Sunday, March 16, 2014
Review: A Nice Little Place on the North Side (2014)
Before getting to the subject of George Will, baseball writer, let's discuss George Will, writer.
One of the problems with most political writers these days is that they aren't good enough to convince others of their position unless those people already are on their side. In other words, a liberal who writes about the Affordable Care Act's benefits will received nods of approval from like-minded readers, and angry rejections by those who don't fit into that standard.
George Will is different.
Will is so darn smart, such a thorough researcher and so good a writer that he can shake a reader's preconceptions. In other words, after reading him, you often have to at least consider the possibility that he is right and you are wrong. I'm not sure how many minds he actually changes in this polarized world these days, but he gets high marks for trying.
But political considerations always cloud opinions in this day and age of gridlock. Luckily, Will has the habit of writing about baseball every now and again. He may have a bit of attitude when it comes to the game, believing famously that no other sport can come close to it. Will's most quoted line may be what he once said about football - that it combined the two worst elements of American society, violence and committee meetings. But for those who love baseball, he's a strong advocate for truth, justice and the American (plus Toronto, as in Blue Jays) way.
Will wrote the book, "Men at Work," many years ago. It was a full-length look at the activities of four major leaguers, including Cal Ripken and Tony La Russa. The publication was excellent. I believe Will once said that it was the only book he wrote in which he saw others read on an airplane.
Now Will is back with another baseball book, "A Nice Little Place on the North Side." It's something of a celebration of the 100th anniversary of the Chicago Cubs' arrival in Wrigley Field, one of baseball's shrines.
Will grew up as a Cubs fan, which makes him "long suffering" - not that there is any other kind of Cubs fan. He gets the chance to give a series of relatively short essays about the Cubs and the park over the years, generally moving in something resembling chronological order. He gives the impression that he's more or less thrilled to comment on all of the Cubs' brief ups and emphatic downs over the years. To get paid for it ... well, life can be good.
Here, then, is Will on a variety of subjects that are Cub-related. The team was actually pretty good in its early years, a National League powerhouse more than 100 years ago. They even got into a World Series or two at some point, but those disappeared right around the time that Will started paying attention as a child. Maybe he's taking that a little personally.
There have been plenty of distractions along the way. Phil Wrigley had some odd ideas as owner. The strangest must have been in the early Sixties, when he opted not to have a manager but rather a collection of coaches. It didn't help. Wrigley also sold the idea that the ballpark was a nice place to spend an afternoon (remember, no lights until the 1980s), rather than to see a good team. This became self-perpetuating. The fans in Chicago like the park so much that they are willing to accept bad baseball, but stay home when beer prices go up.
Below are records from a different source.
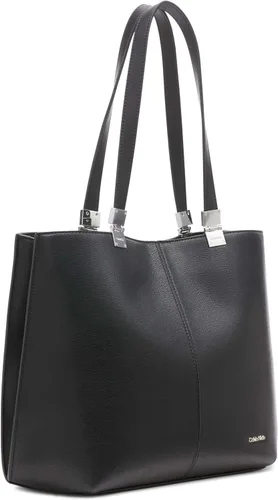 Miniatura 5 de Calvin Klein Bolso geométrico de granito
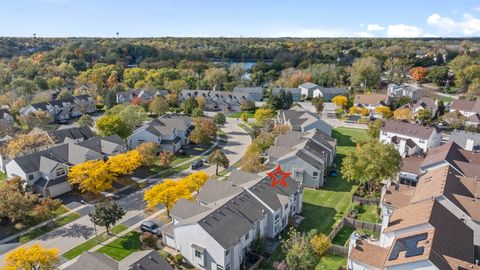 Tiny photo for 937 Mesa Drive, Lake In The Hills, IL 60156 (MLS # 12505007)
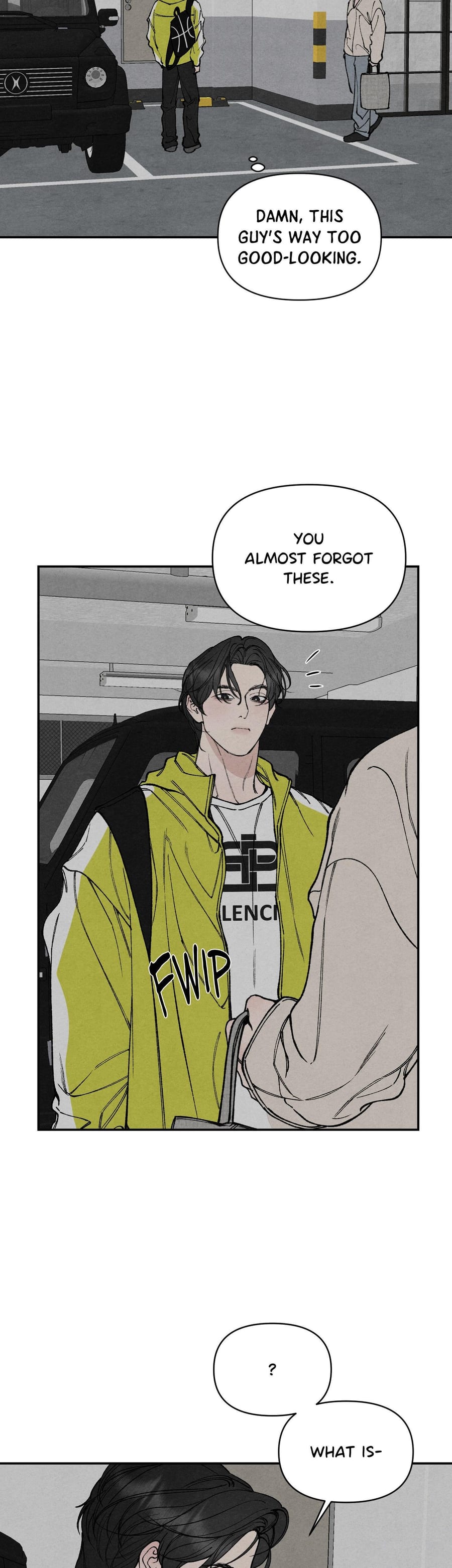 Toying With Daddy Uncensored, chapter 32, page 7 of 35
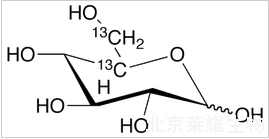 D-葡萄糖-5,6-13C2标准品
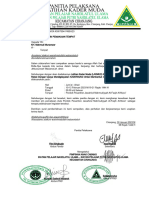 Surat Permohonan Izin Tempat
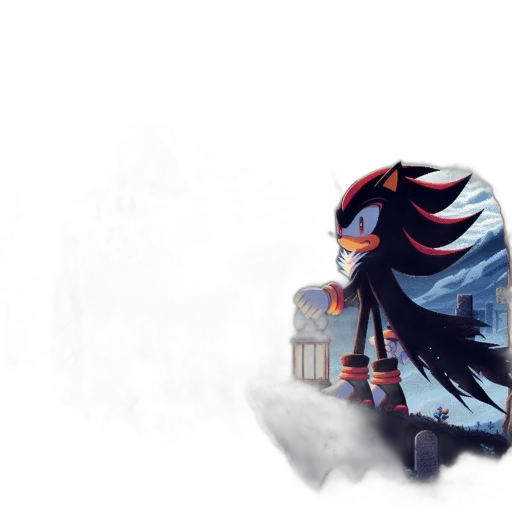 jacket, mask, dragon, dress transparent PNG cut-out
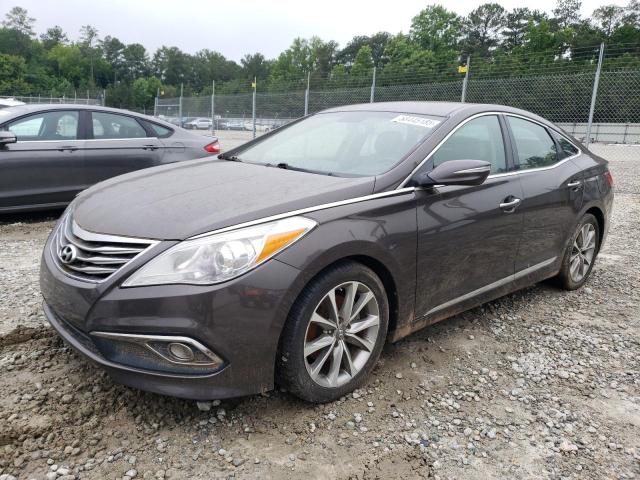 HYUNDAI AZERA
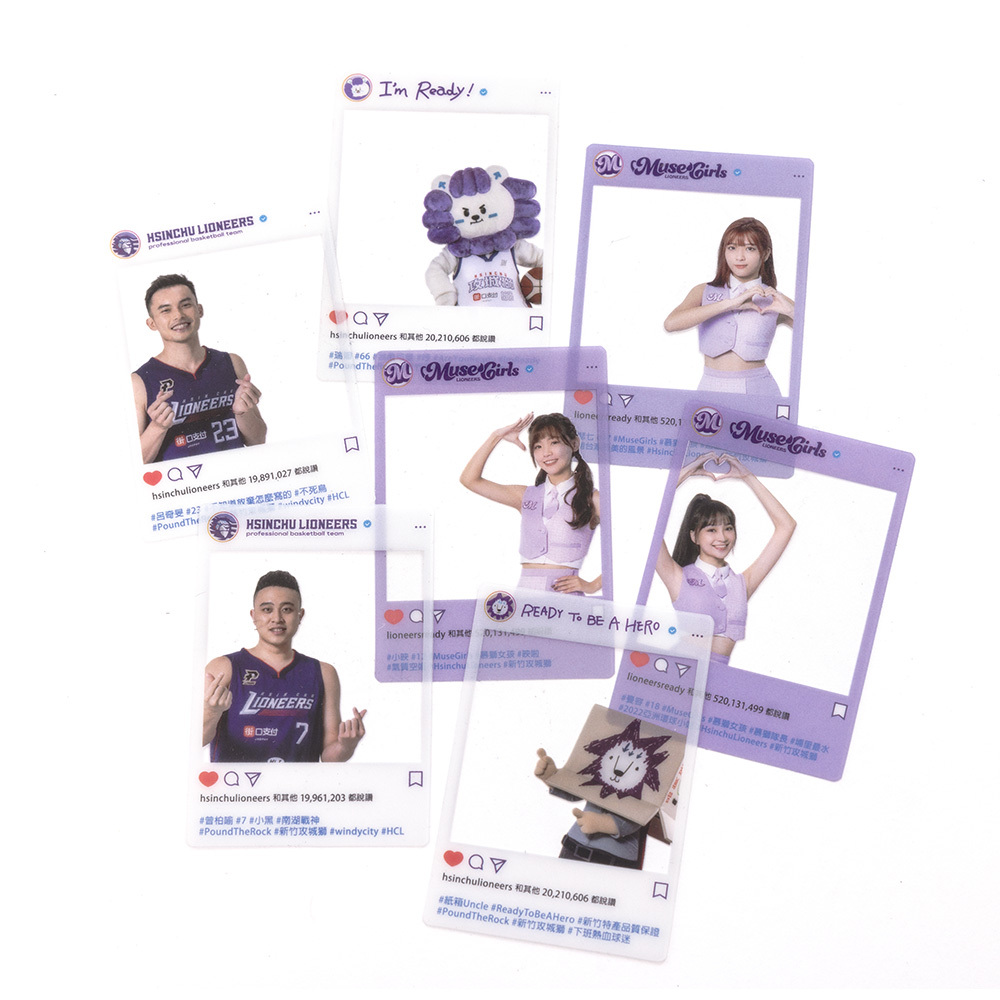 22-23 攻城獅一起拍照吧濾鏡卡扭蛋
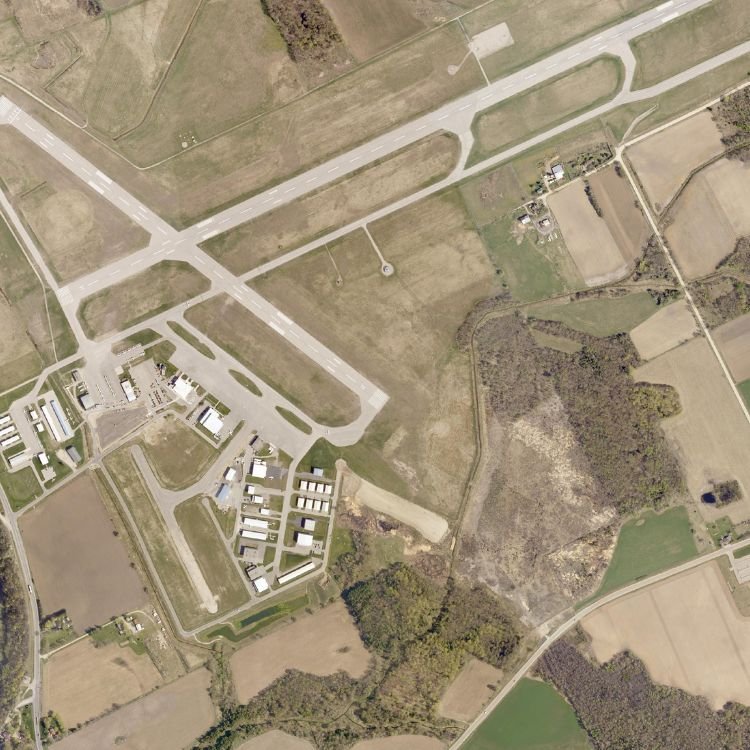 Region of Waterloo International Airport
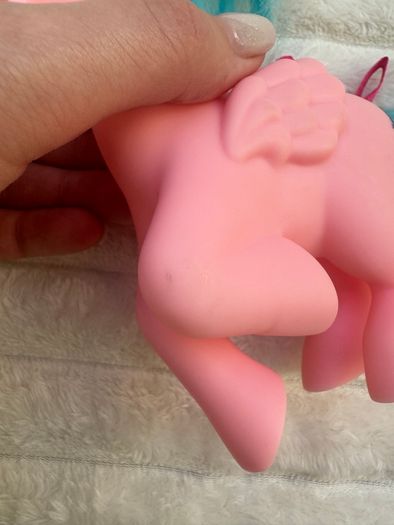 My Little Pony Firefly 35th Anniversary G1 Unicorn And Pegasus Collection 2017 Used Please see photos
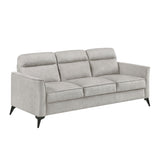 Tellot Tan Sofa - Ornate Home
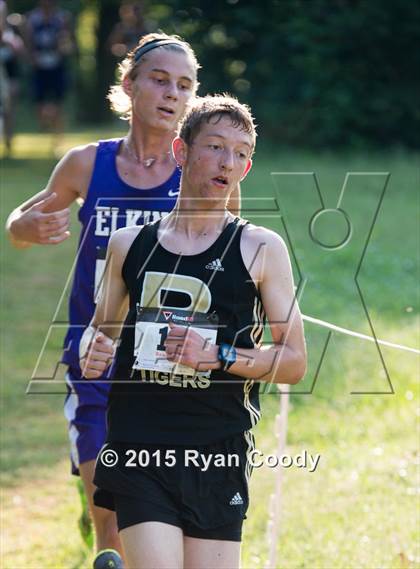 Thumbnail 3 in Shiloh Christian Invitational photogallery.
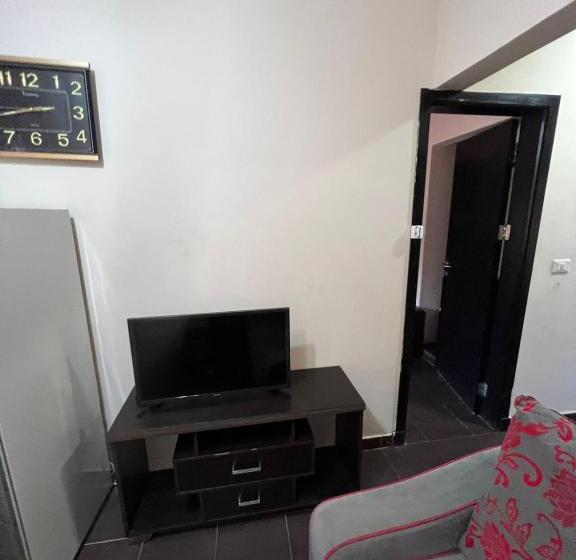آپارتمان 1 خوابه با چشم‌انداز استخر, Porto Sharm Vib Suites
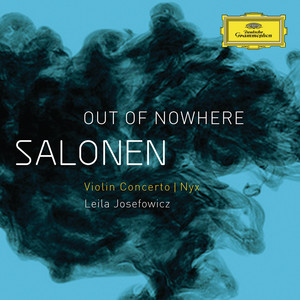 Écouter "Violin Concerto: I. Mirage" de Esa-Pekka Salonen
It's an odd economic dynamic.
Will talks about characters dating back to Hack Wilson and Leo Durocher, and events like Babe Ruth's called shot and a 23-22 game (10 innings, I believe). You probably know what's also on the list - 2003, in which the Cubs let a series-clinching game get away in horrific fashion. Will, by the way, agrees with a documentary's conclusion that Chicago's even worse treatment of Steve Bartman tells us more about Chicago than it does about Bartman.The finish in 1984 had its own scapegoat, Leon Durham, as the Cubs let a playoff series to the Padres get away.
A couple of remarks about the text - you are likely to see some words that I'm not sure have ever been published in a story with Will's byline before. They are from quotes, but it's still a little surprising. Sounds like Ruth knew how to throw around some bad words in colorful combinations. In another section, Will prints manager Lee Elia's famous obscene outburst about the Cub fans in the early 1980s virtually verbatim, but with the profanity partially blocked out (as in d---, or worse).
It's also rather short, a couple of hundred pages or so plus notes, so it takes little time to go through. Don't expect this to last you for a week. Still, the writing is good enough to make it a pleasure, even if at $25 it's not going to be rated a "best buy" by Consumer Reports.
Will has lived in the Washington area for many years, and he certainly can go to an Orioles or Nationals game when convenient. However, it's still true that your favorite team as a child usually stays with you for a lifetime. "A Nice Little Place on the North Side" is a charming love letter to a team that has frequently broken his heart, yet left him coming back for more.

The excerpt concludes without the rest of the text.